For Violating Competition Laws, South Korea Fines Qualcomm $854 Million
For what the South Korea's antitrust regulator called unfair business practices in patent licensing and modem chip sales, the regulator fined Qualcomm Inc 1.03 trillion won ($854 million). The U.S. chipmaker said it will challenge the decision court.
At a time when the business is facing headwinds from a cooling smartphone market, the latest antitrust setback for Qualcomm's most profitable business of licensing wireless patents to the mobile industry, and the fine is the largest ever levied in South Korea.
Qualcomm forced handset makers to pay royalties for an unnecessarily broad set of patents as part of sales of its modem chips and thus abused its dominant market position, the Korea Fair Trade Commission (KFTC) ruled on Wednesday.
Hindering sales of rivals Intel Corp, Samsung Electronics Co Ltd and MediaTek Inc and leaving their products vulnerable to lawsuits, Qualcomm also restricted competition by refusing or limiting licensing of its standard essential patents related to modem chips to rival chipmakers, the regulator said.
The regulator ordered Qualcomm to renegotiate chip supply agreements with handset makers if requested and to negotiate in good faith with rival chipmakers on patent licensing. If upheld, such measures would affect the U.S. firm's dealings with major tech companies including Apple Inc, Intel, Samsung and Huawei Technologies Co Ltd.
Following complaints from industry participants, but did not name specific companies, it began its investigations into Qualcomm's practices in 2014, the KFTC said.
KFTC Secretary General Shin Young-son told a media briefing in the country's administrative capital that foreign companies including Apple, Intel, MediaTek and Huawei expressed their views during the regulator's deliberation process.
"We investigated and decided on these actions because Qualcomm's actions limit overall competition," Shin said, adding that the ruling was not about protecting domestic companies such as Samsung and LG Electronics Inc but about improving market competition for all players.
Qualcomm said it will appeal the decision to the Seoul High Court and will file for an immediate stay of the corrective order. The firm will also appeal the amount of the fine and the method used to calculate it.
"Qualcomm strongly disagrees with the KFTC’s announced decision," it said in a statement.
A Taiwanese industry executive, declining to be named due to the sensitivity of the matter said  that in the tech supply chain who source Qualcomm chips, the decision in Seoul could mean lower costs for mobile phone makers and others.
The fine is the latest in a series of antitrust rulings and investigations faced by Qualcomm from regulators across the globe. While the European Union in December 2015 accused it of abusing its market power to thwart rivals, in February 2015, Qualcomm paid a $975 million fine in China following a 14-month probe.

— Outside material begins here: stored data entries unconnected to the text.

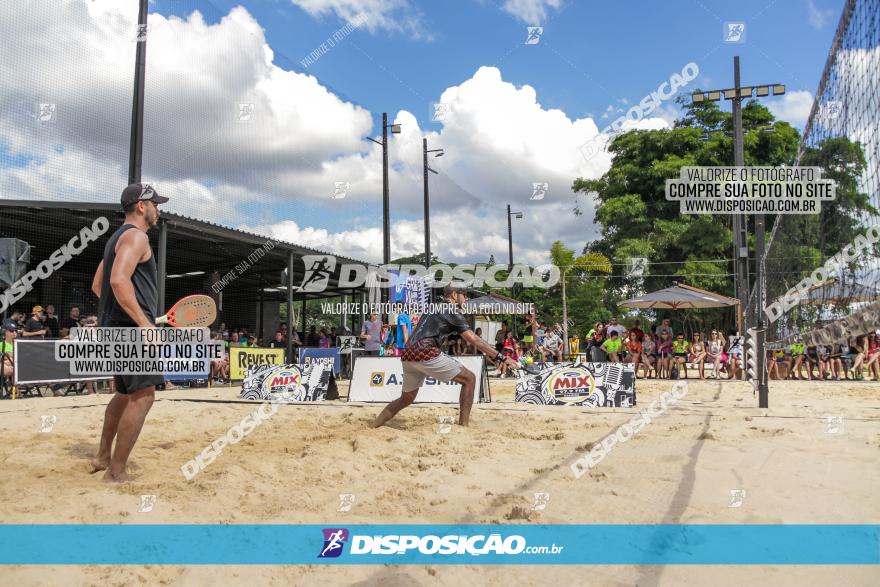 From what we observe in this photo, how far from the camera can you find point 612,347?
47.0 feet

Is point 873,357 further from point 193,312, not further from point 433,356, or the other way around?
point 193,312

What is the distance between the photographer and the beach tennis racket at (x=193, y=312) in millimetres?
4660

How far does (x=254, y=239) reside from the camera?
16062 mm

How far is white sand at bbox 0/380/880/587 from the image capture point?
2572 millimetres

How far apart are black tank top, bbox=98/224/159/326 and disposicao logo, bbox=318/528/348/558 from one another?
1.85 metres

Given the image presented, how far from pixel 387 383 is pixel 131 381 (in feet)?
19.1

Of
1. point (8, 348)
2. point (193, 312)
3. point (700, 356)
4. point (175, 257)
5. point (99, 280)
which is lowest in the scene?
point (700, 356)

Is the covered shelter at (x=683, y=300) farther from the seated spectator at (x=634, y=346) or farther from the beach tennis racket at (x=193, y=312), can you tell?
the beach tennis racket at (x=193, y=312)

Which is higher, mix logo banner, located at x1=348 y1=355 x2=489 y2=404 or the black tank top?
the black tank top

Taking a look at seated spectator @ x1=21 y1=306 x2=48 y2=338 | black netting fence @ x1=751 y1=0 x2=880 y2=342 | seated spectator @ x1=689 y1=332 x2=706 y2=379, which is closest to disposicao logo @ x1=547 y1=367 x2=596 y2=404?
black netting fence @ x1=751 y1=0 x2=880 y2=342

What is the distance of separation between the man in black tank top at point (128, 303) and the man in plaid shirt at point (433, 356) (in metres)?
2.57

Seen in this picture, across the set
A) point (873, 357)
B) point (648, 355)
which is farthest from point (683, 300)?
point (873, 357)

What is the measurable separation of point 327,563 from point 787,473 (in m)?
3.29

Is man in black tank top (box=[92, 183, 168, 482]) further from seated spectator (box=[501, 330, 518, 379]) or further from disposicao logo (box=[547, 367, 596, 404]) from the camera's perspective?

KFTC's orders for Qualcomm to alter its business practices have bigger future implications for the chipmaker even as the fine itself was large, Stacy Rasgon, an analyst with AB Bernstein, said.
Rivals such as Intel has been competing hard to land its modem chips in mobile phones and a major challenge for Qualcomm would emerge if the ruling forces the company to license patents for some of its chips to rivals, he said.
"How can they force you to license to a competitor? That's what I never understood. I guarantee Qualcomm won’t want to do that," he said, adding that the dispute could take years to play out in South Korean courts.